Bacardi clamps down on brand scam fraudster
Island-based global drinks firm Bacardi has clamped down on a brand scam run by a fraudster who billed himself “the baron of spirits”.
Mystery man Tofikuddin Ovaysi registered nearly 100 shell businesses in the UK using clone names of drinks producers — including Bermuda’s Bacardi.
But now the real Bacardi has taken action in England to have Mr Ovaysi’s Bacardi Ltd axed.
A spokeswoman for Bacardi, which operates in Britain as Bacardi UK Ltd, said: “We took action on this matter as soon as we became aware of it and we won.
“Bacardi is diligent in protecting its corporate and brand names and addresses any infringement on our intellectual property.”
The UK Company Names Adjudicator last November ordered that the bogus Bacardi change its name within a month — or it would be done for them.
Mr Ovaysi was also ordered not to use any company names that could be confused with existing companies.
Among the other drinks company names registered in the UK by Mr Ovaysi, said to be a Russian who lived in the Ukraine, were linked to reputable companies like Diageo, Pernod Ricard and whisky maker William Grant & Sons.
Most of the firms were registered last summer while he was living and working in the Ukraine, where he was wrongly reported to be the son of millionaire Vijay Mallya of India’s United Breweries. known as UB Group and the makers of Kingfisher Beer.
Mr Ovaysi opened what was thought to be the Ukrainian HQ of United Breweries in the provincial city of Ternopil last February, promising major investment and hundreds of jobs.
But he fled the city last September when his Ukrainian business, UB Groupe rather than UB Group, was declared bankrupt.
He built his fake drinks empire using £10 registrations of 96 clone companies at the British public registry, Companies House, using a mailbox address in London.
Some of his cloned companies, including United Breweries Group Ltd and Kingfisher Beer Ltd, remain on the UK register of companies.
The news has prompted calls by UK politicians to tighten up Britain’s company registration system.
Roger Mullin, an MP from Scotland, the home of Scotch whisky, said the Ovaysi case underlined the need for urgent reform of the company registration system.
Companies House has four million recorded firms as well as millions of directors, many of whom are thought to be falsely or inaccurately recorded.

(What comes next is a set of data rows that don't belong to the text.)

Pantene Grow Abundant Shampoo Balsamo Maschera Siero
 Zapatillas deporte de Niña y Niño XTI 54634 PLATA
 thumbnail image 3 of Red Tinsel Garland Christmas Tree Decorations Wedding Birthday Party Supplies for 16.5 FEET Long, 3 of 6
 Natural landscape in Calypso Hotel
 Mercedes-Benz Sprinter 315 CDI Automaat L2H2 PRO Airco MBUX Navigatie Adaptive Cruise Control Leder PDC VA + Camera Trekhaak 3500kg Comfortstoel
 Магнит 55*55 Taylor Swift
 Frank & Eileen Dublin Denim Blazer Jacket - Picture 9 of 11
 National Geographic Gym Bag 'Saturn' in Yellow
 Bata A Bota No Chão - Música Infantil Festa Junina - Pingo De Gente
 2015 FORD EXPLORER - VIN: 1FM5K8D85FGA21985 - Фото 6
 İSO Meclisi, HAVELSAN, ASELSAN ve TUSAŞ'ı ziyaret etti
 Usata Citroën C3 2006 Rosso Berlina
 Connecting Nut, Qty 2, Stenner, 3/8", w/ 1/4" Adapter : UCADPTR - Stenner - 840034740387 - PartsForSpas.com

Mr Mullin said: “Companies House simply doesn’t have the resource to properly investigate and administer registrations.
“This is making it much easier than it should be for rogue registrations and for dubious practices to go undetected.”
Companies House said it did not check new registrations for name infringements, but that it urged those applying for businesses to do so.
The organisation added that companies who believed their names had been stolen to appeal to Companies House to have the problem fixed.